Some previous competition winners...
See the menu on the left for full details of all the competition winners since 2004.

"I still remember getting the call to say I’d won the Book and Pamphlet Competition and having to keep it secret until the announcement was made. But beyond the immense joy of winning and the knowledge that your poems have been read by a judge at the height of their skill comes the hard graft and close attention that shapes a manuscript into a pamphlet or full-collection. The help and editing I got from the Poetry Business really brought it all together, made it work."
— Allison McVety, 2006 overall winner

"It was a wonderful boost of confidence for me, winning the Poetry Business Pamphlet Competition. It felt like a justification of the time I spent writing and an encouragement to keep going. It was the original and only pamphlet competition back then, and so it felt particularly significant — that being judged anonymously on a group of poems, not just a single one."
— Michael Laskey, 1988 winner

"When I found out I was a first stage winner in the Poetry Business Book and Pamphlet competition, I allowed myself to think of myself as a 'real' poet. I'd had poems published in magazines and anthologies before...but this was different. This meant my own colourful 'slim volume'. my own ISBN. When the copies of The New Bride, in all their turquoise loveliness, arrived, I felt like the proud Mother of the Bride. The slim volume was shortlisted for The Forward Prize for Best First Collection (2001). It didn't win, but it did open lots of doors. My first full collection, The New Bride, came out with Smith Doorstop in 2003; the following year I was included in both the Mslexia Top Ten Women Poets list, and the PBS/Arts Council 'Next Generation' promotion. My latest book, Lip, was short-listed for The Forward Prize in 2008. These things wouldn't have happened without the faith and support of the brilliant small but perfectly formed publisher that is Smith Doorstop."
— Catherine Smith, 2000 winner

"The experience of finalising a pamphlet helped me greatly with how to organise a collection of poems. I was invited to many readings after the pamphlet was published and this helped me develop my reading style and meet some lovely people from the poetry community along the way. The publicity and reviews took my work seriously and I gained exposure in the PBS and the broadsheets, all this was entirely unexpected and absolutely thrilling. I still feel so excited to have been picked up by S/D at an early stage of my writing life."
— Daljit Nagra, 2002 winner
"In the early 1990s there weren’t all the poetry workshops and courses that there are now, nor all the prizes. The Poetry Business was a fairly solitary star in the firmament with its workshops and pamphlet prize forged in the Poetry Capital of England.
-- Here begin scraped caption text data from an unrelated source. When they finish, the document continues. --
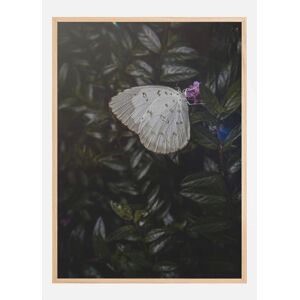 Bildverkstad Butterfly Poster (70x100 cm)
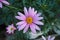 Closeup of Purple Marguerite Daisy Flowers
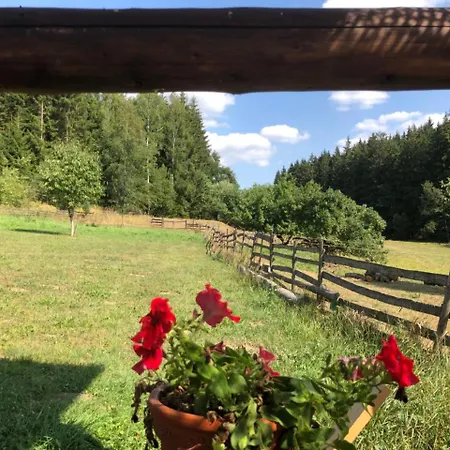 Hébergement de vacances Srub Karpatsky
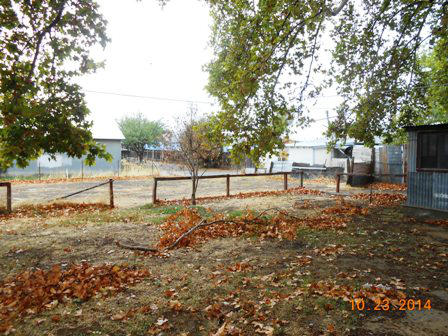 911 Walnut Street Corning, CA 96021 - Photo 29 of 35 DSCN5627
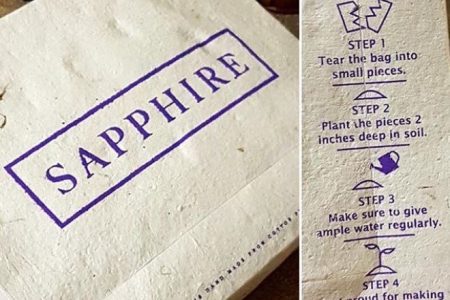A Pakistani clothing brand launched seed infused, biodegradable shopping bags to help plant trees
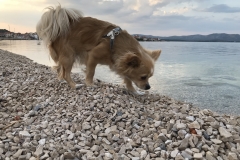 Emma auf Erkundungstour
It was really ahead of its time. It was thrilling to win the prize with Peter Daniels whose poems I admire very much. It felt particularly an honour as Carol Rumens was the judge, and she’d recently edited an anthology of new women poets for Bloodaxe. I remember the slightly nervous pleasure of putting together a group of poems, thinking that, perhaps, the time was ripe to enter, but the delighted surprise when the Competition result letter arrived in the post on a sunny morning."
— Moniza Alvi, 1991 winner
Notes on the experience of judging the competition:
You have not seen the sky grown dark. You have not realised that you are hungry. You have forgotten to feed the cat. You are engrossed in the work of the finalists for the Poetry Business Book & Pamphlet Competition
Be warned! Good poetry can seriously disrupt your life.